Jeff Caldwell 12/09/2011 @ 1:54pm Multimedia Editor for Agriculture.com and Successful Farming magazine.

Commodity prices have spent the last few months on the decline. But, a recent $20,000/acre farm land sale in northwestern Iowa shows the land market has yet to share the same trend.

The recent land sale, during which a 74-acre piece of ground was purchased by a farmer in northwestern Iowa, highlights the trend of land in that crop- and livestock-rich area. Though the area is known as being "unique" when it comes to the demand for farm land, the $20,000/acre sale isn't an anomaly; a year ago, a nearby farm sold for $13,500/acre and 2 months ago, more land sold for $16,750/acre, says Iowa State University Extension farm land specialist Mike Duffy, who conducts the state's annual survey of farm land values (due out this year on December 14).

"I guess I was surprised to see that it's continuing to move up like that given the commodity markets are settling out a bit," Duffy says. "It's definitely quite a bit more than most of what we're seeing. Is it the end? I don't really know."

Why, when the grains have slipped, have land values not? For one, there's not really a viable alternative long-term investment compared to farm land right now, say some farmers. While land isn't "the only game in town" for investment dollars, its lack of a field of competing investments makes it attractive.

"Currently, Wal-Mart is paying a 2.5% dividend and is growing their dividend about 15% to 20% per year," says Agriculture.com Farm Business Talk contributor MoInfo. "In 10 years, which investment do you think will be better?"

Duffy says that's just one of several fundamentals keeping the land market higher. Though they've fallen, commodity prices remain at profitable levels.

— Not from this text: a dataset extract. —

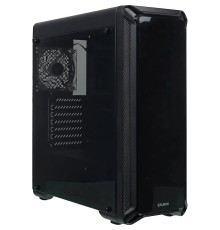 MidiTower Zalman I3 Edge Black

Add to that low interest rates and strong demand, and there's reason to believe the land market will remain on relatively solid footing in much of farm country.

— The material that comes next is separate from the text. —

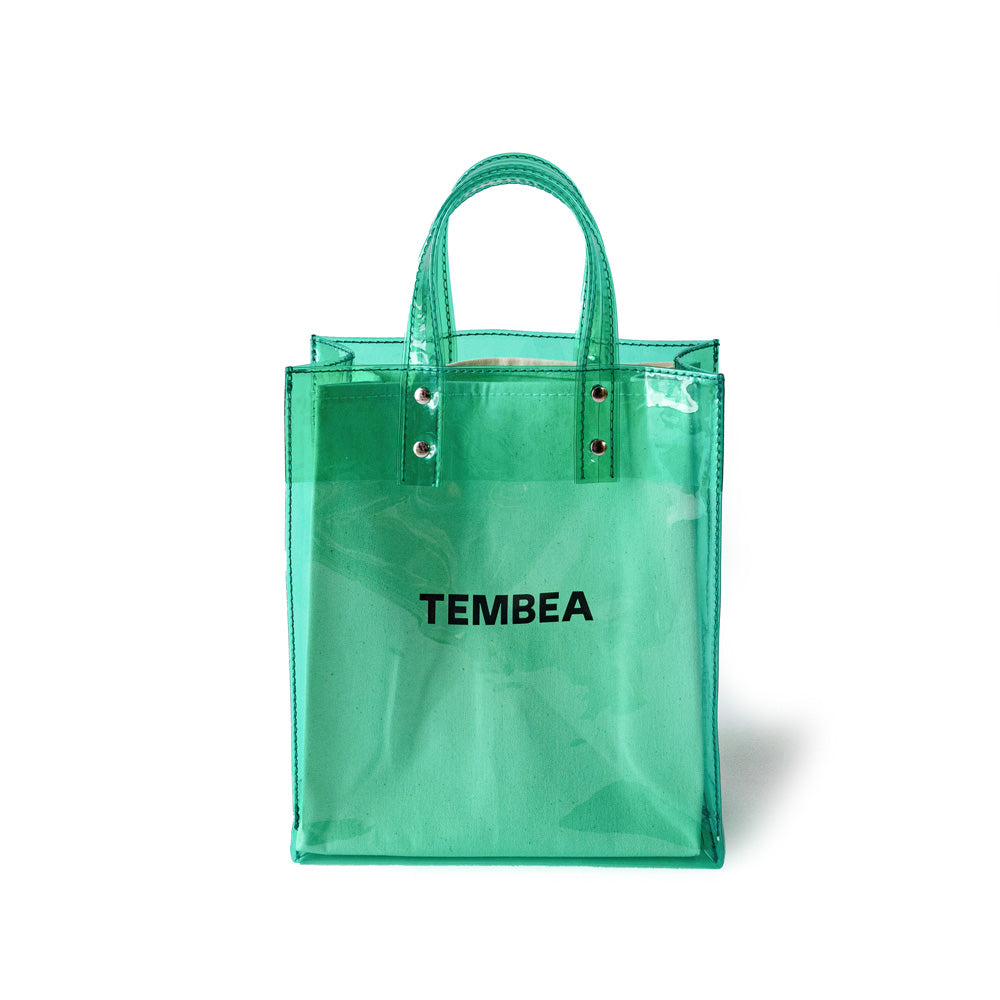 TEMBEA PAPER TOTE SMALL TOUMEI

"Those conditions have changed a little, but the market still has this kind of inertia behind it," Duffy says. "The fundamentals are still there. Are they there for continued $20,000/acre prices? That's debatable. But, they obviously could do it."

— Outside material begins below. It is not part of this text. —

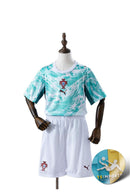 Conjunto Infantil PORTUGAL Away 26 - Home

Then, there's the adage that "economics get you to the auction, emotions get you bidding," Duffy says. Some say that is often the case, especially in instances where bidding comes down to 2 farmers and the land has a specific connection to one or both seeking the land. Emotion sometimes overrides economics once the bidding starts.

"My first reaction was that it had nothing to do with business really, but had to have an emotional element involved," says Farm Business Talk veteran contributor Kay/NC.

In this particular instance, there were personal connections to the land at auction, and in terms of the area in general, there are specific factors that make land at these price levels work, some farmers say.

"It is very unique and this land will probably never come up for sale again in 100 years," says Farm Business Talk veteran contributor jrsiajdranch, who farms east of the land sold this week. "The best time to buy the farm is when it is for sale."

Adds Farm Business Talk member highyields: "I don't believe they miss a crop very often. They used to have a lot of livestock feeding," he says. "If they have the money and the banks are willing to bank them, then let them buy the land. I'm glad they got it. I have no idea why this sale is different than the $16,000/acre one year before. No one carried on about that one."

Getting that banker to sign off on a deal like this is still well within reason at current price levels, Duffy says, if the right conditions are in place. An established farmer with an existing acreage base can likely make deals like this work.

"With normal pricing and normal costs, you can make that cash-flow within reasonable circumstances," he says.